- **WHAT TO PRODUCE**
Starting with the line that contains "Cadeaubon Plants By PNiT.nl", return every line through the end of the listing below exactly as written. Omit the pictures.

- **DATASET CONTENT**
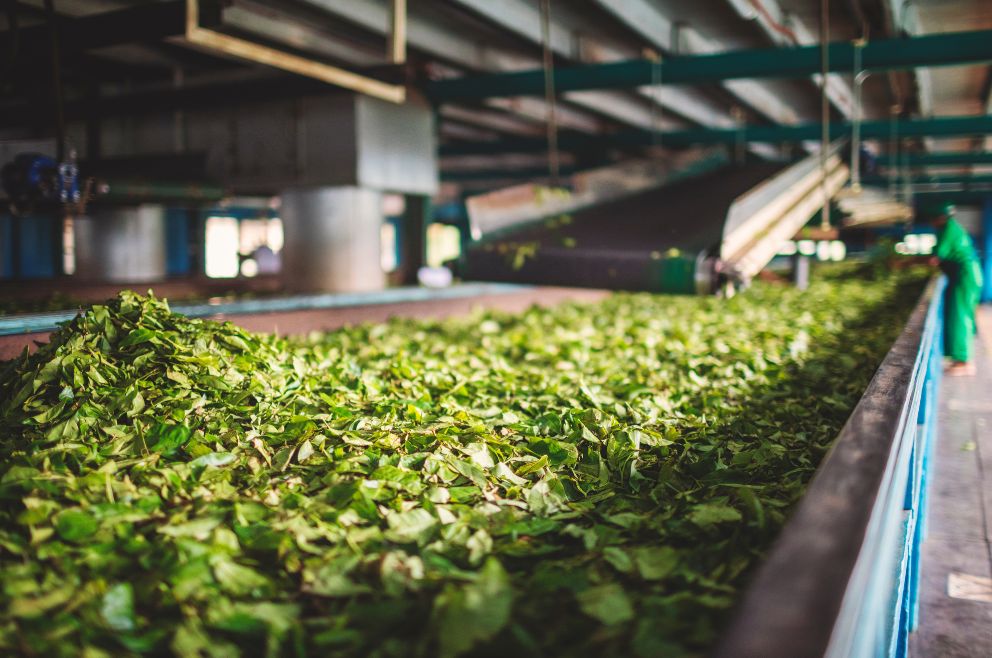 factory – BABA SIDI HERBS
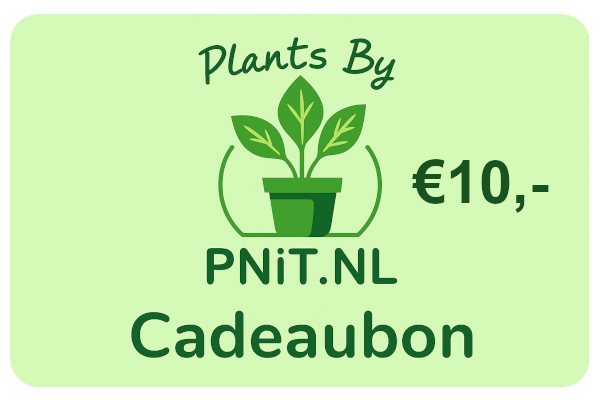 Cadeaubon Plants By PNiT.nl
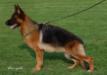 Nelly von der Addingaste Picture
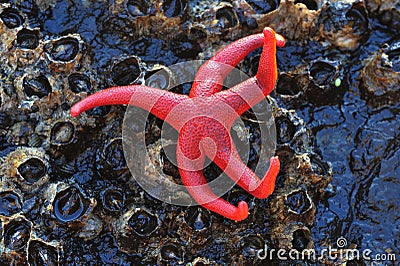 Starfish on barnacles Stock Photo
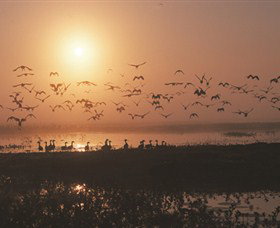 Nature's Way - Sunshine Coast Tourism 6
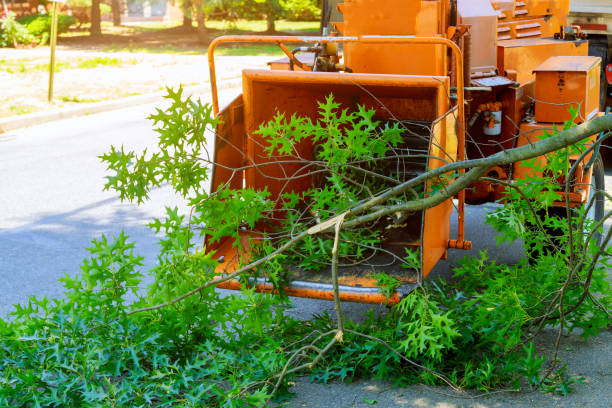 Grass Overseeding in Shingle Springs, CA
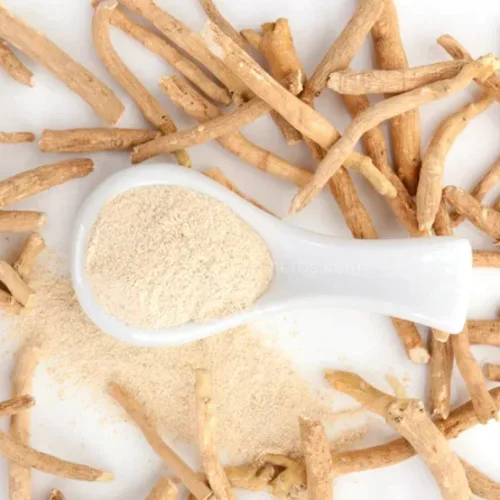 아슈와간다분말과 뿌리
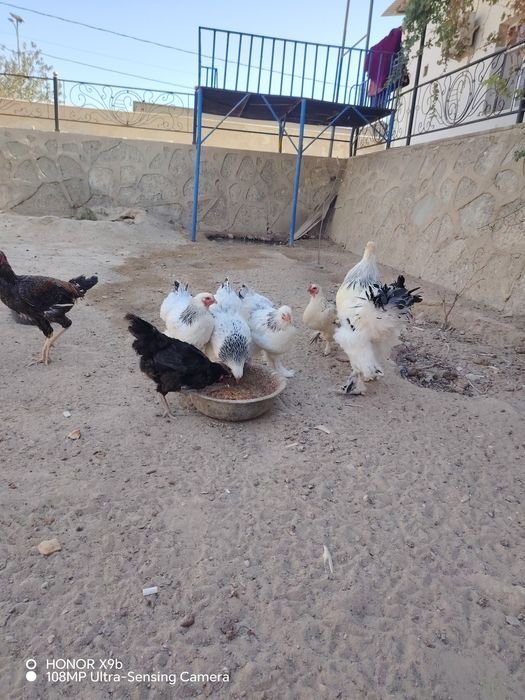 Bramma tovuqlari sotiladi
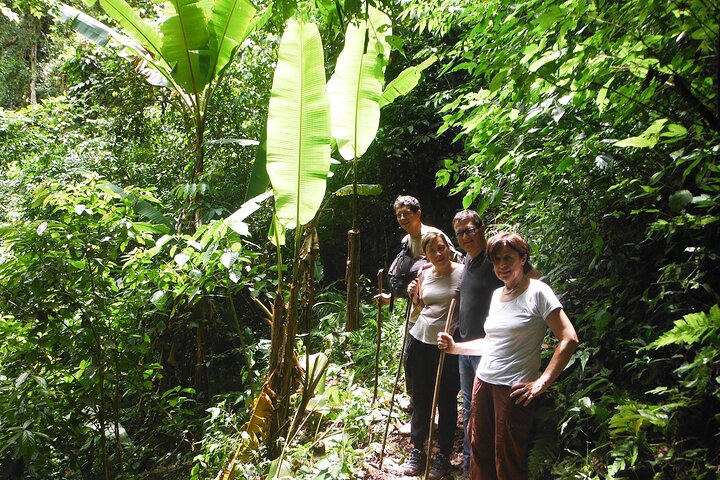 Jungle Experience: 1 Day Trek in Nam Ha NPA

- **EXERCISE OUTPUT**
 Cadeaubon Plants By PNiT.nl
 Nelly von der Addingaste Picture
 Starfish on barnacles Stock Photo
 Nature's Way - Sunshine Coast Tourism 6
 Grass Overseeding in Shingle Springs, CA
 아슈와간다분말과 뿌리
 Bramma tovuqlari sotiladi
 Jungle Experience: 1 Day Trek in Nam Ha NPA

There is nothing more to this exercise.